After running the code, the solver finds multiple solutions, progressively improving the objective value (makespan) with each solution:

Solution 0, time = 0.070021 s, objective = 18720
Solution 1, time = 0.072630 s, objective = 12780
Solution 2, time = 0.088733 s, objective = 12779
Solution 3, time = 0.089533 s, objective = 12661
Solution 4, time = 0.094715 s, objective = 12600
Solution 5, time = 0.110961 s, objective = 12000
Solution 6, time = 0.133855 s, objective = 11701
Solution 7, time = 0.141637 s, objective = 11700
Solution 8, time = 0.142342 s, objective = 11280
Solution 9, time = 0.182769 s, objective = 11161
Solution 10, time = 0.206984 s, objective = 10200

solve status: OPTIMAL
Optimal objective value: 10200
Statistics
  - conflicts : 0
  - branches  : 710
  - wall time : 0.243868 s

For the complete code and data, please visit my GitHub repository. Feel free to explore and adapt it for your scheduling needs!

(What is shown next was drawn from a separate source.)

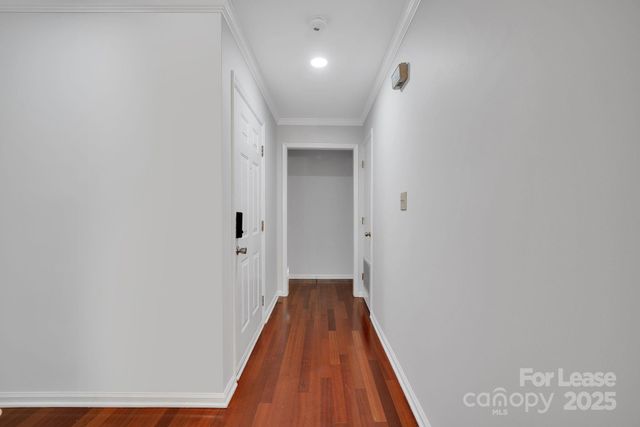 3300 Selwyn Farms Lane, Charlotte, NC 28209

And that it! Very simple, right? Despite this is a NP-hard problem, we can solve it with a simple code.

Conclusion

In this post, we explored the scheduling problem in the Hay Day game and discussed how it can be formulated as a Flexible Job Shop Scheduling Problem (FJSP). We used Integer Programming to solve the problem and implemented the solution using Google OR-Tools. The solver found multiple solutions, progressively improving the makespan with each iteration.

Can I make a Hay Day bot to play the game for me? Yes, you can! But remember, the goal of playing games is to have fun and relax. So, enjoy the game and have a great time!